What you will do
The required output is the exact run of lines in the listing below from the line holding "Stand ,No Remote Control" through the line holding "Mörkblå dunväst från Moncler - 3", with no pictures.

Records shown
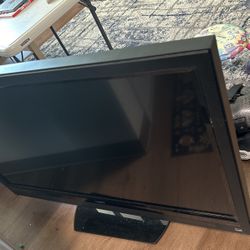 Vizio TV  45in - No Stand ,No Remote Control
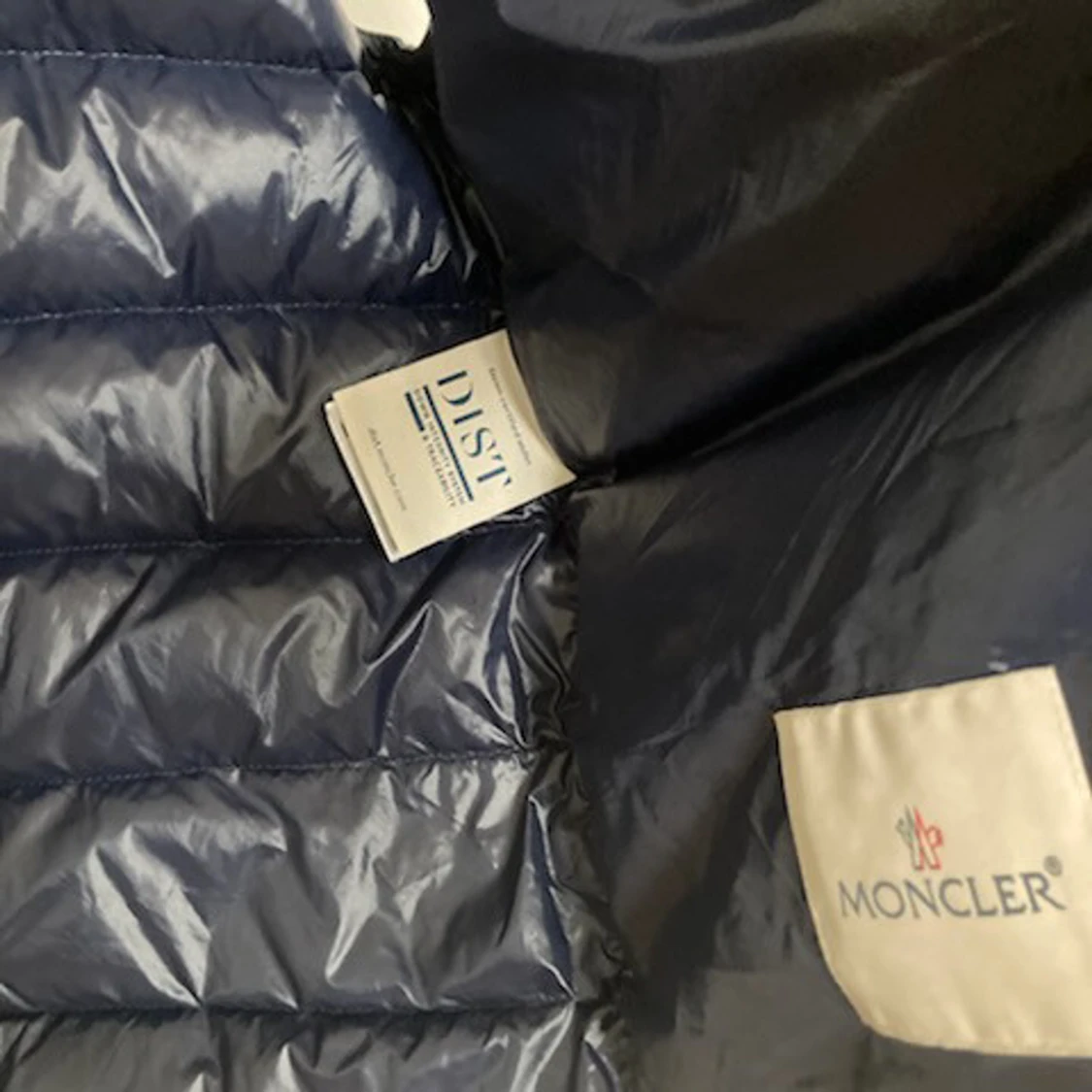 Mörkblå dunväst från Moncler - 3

...

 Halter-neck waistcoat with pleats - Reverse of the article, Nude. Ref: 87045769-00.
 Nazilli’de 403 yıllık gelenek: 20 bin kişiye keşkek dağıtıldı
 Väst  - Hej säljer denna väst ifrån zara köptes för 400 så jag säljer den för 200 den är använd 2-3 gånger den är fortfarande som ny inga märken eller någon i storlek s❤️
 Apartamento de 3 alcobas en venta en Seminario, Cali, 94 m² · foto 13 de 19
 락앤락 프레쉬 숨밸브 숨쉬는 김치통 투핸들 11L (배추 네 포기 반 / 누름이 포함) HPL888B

* * *

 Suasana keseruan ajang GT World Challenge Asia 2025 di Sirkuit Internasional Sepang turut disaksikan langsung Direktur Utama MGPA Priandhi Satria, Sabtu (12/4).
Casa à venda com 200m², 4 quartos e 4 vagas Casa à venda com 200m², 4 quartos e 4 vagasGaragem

Task solution
 Vizio TV  45in - No Stand ,No Remote Control
 Mörkblå dunväst från Moncler - 3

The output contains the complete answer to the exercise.